I rode the Thomson trail this afternoon after work and I got there late enough so that I wouldn't be the first person in the woods. I wasn't the second or the third or even the fourth. If I counted right, I was the 7th in the woods but the 9th person to ride by the corner where we found Mr. Rattlesnake sunning himself yesterday. Dave and Diana had already told me that they'd scoped that corner out well on their first lap and not seen him, although they admitted that they did that from on top of their bikes. Huh..they could have missed him all coiled up and hiding just waiting for the unsuspecting rider, but I decided to be brave and risk it. When I got to that spot, I went around that corner so fast you would have mistaken me for a Le Mans car. I also made sure that Diana and Dave went ahead of me cause my daddy always told me that snakes get the second person in line, not the first.
Look, I love Diana and Dave a lot, but even friendship of that magnitude has its limits. They were very brave and awesome and selfless and get all sorts of good karma points while I? Not a good person. I admit it. Back to clubbing baby seals in my next life because of the shortcomings in this one. Damn snake. Speaking of the damn snake,
no snake sightings anywhere tonight. The trails may be safe, but constant vigilance is still the buzz phrase of the week.

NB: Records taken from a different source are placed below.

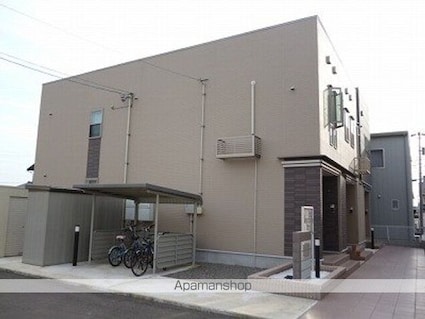 パル　ティールＦ[1LDK/46.28m2]の外観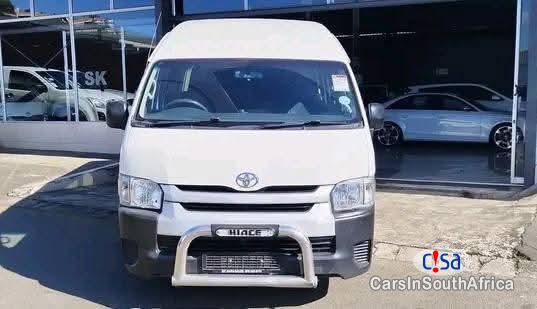 Picture of Toyota Quantum 2.5 Manual 2019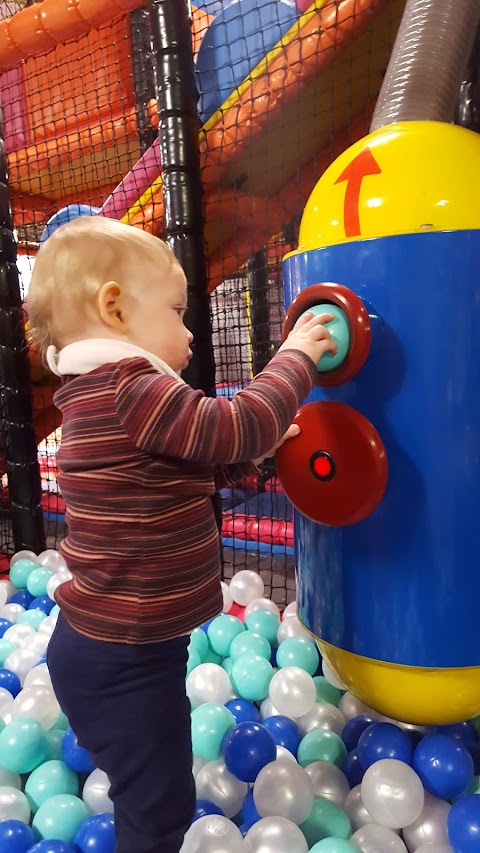 Saltire Soft Play & Saltire Soccer Centre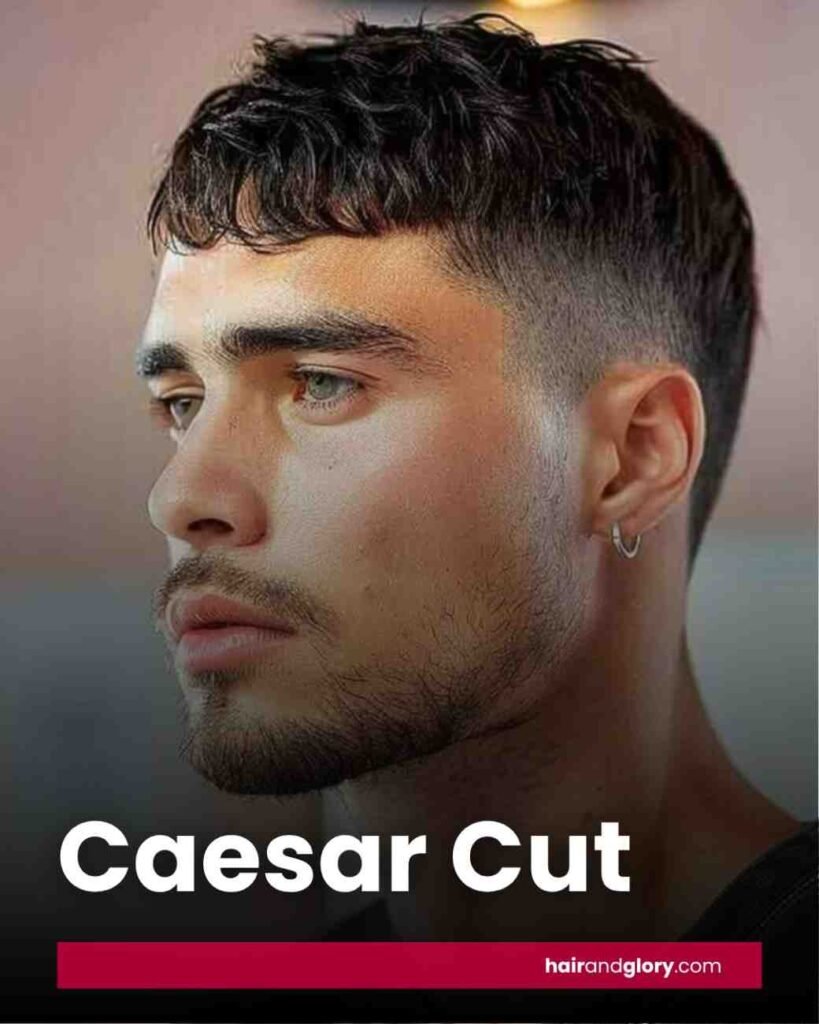 Caesar-Cut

Poetry! Because it's been too long:
Forgetfulness
The name of the author is the first to go
followed obediently by the title, the plot,
the heartbreaking conclusion, the entire novel
which suddenly becomes one you have never read,
never even heard of,
as if, one by one, the memories you used to harbor
decided to retire to the southern hemisphere of the brain,
to a little fishing village where there are no phones.
Long ago you kissed the names of the nine Muses goodbye
and watched the quadratic equation pack its bag,
and even now as you memorize the order of the planets,
something else is slipping away, a state flower perhaps,
the address of an uncle, the capital of Paraguay.
Whatever it is you are struggling to remember
it is not poised on the tip of your tongue,
not even lurking in some obscure corner of your spleen.
It has floated away down a dark mythological river
whose name begins with an L as far as you can recall,
well on your own way to oblivion where you will join those
who have even
forgotten how to swim and how to ride a bicycle.
No wonder you rise in the middle of the night
to look up the date of a famous battle in a book on war.
No wonder the moon in the window seems to have drifted
out of a love poem that you used to know by heart.